→ **Exercise description**: Repeat verbatim the lines of the data below, beginning with the line containing "Shop Romantic Floral" and continuing to the end.

-------- Data records --------

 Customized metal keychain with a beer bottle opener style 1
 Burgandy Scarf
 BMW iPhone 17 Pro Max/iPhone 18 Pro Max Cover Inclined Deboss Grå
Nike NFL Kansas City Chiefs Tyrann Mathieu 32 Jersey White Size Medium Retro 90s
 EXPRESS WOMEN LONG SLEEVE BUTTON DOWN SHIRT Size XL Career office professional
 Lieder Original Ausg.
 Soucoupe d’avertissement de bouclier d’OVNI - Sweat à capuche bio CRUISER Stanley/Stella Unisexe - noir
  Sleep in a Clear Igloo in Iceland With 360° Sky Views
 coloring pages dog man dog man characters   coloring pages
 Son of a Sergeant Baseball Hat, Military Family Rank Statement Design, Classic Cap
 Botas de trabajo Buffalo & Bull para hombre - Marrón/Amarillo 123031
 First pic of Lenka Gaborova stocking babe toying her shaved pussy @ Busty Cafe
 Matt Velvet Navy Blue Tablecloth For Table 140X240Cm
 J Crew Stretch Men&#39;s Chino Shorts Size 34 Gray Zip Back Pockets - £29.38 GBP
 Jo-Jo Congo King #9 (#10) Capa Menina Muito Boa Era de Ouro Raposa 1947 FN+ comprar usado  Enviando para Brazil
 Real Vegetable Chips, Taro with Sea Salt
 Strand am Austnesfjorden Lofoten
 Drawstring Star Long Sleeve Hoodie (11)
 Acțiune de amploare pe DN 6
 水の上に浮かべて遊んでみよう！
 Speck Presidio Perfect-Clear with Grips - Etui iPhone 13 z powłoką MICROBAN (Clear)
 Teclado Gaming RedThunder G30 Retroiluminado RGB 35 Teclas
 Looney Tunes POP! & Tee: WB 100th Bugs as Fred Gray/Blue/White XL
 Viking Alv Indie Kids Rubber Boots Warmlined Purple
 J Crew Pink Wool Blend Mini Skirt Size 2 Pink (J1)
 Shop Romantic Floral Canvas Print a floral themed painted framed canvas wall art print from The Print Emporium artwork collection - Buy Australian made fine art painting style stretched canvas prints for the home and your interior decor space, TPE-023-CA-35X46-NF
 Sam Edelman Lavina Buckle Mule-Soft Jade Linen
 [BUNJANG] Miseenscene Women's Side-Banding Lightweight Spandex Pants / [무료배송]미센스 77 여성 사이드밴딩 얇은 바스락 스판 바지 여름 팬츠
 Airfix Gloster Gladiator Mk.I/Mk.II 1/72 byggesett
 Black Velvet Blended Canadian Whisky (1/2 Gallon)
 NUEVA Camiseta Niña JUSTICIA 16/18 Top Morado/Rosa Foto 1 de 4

--------

→ **Response below**:
 Shop Romantic Floral Canvas Print a floral themed painted framed canvas wall art print from The Print Emporium artwork collection - Buy Australian made fine art painting style stretched canvas prints for the home and your interior decor space, TPE-023-CA-35X46-NF
 Sam Edelman Lavina Buckle Mule-Soft Jade Linen
 [BUNJANG] Miseenscene Women's Side-Banding Lightweight Spandex Pants / [무료배송]미센스 77 여성 사이드밴딩 얇은 바스락 스판 바지 여름 팬츠
 Airfix Gloster Gladiator Mk.I/Mk.II 1/72 byggesett
 Black Velvet Blended Canadian Whisky (1/2 Gallon)
 NUEVA Camiseta Niña JUSTICIA 16/18 Top Morado/Rosa Foto 1 de 4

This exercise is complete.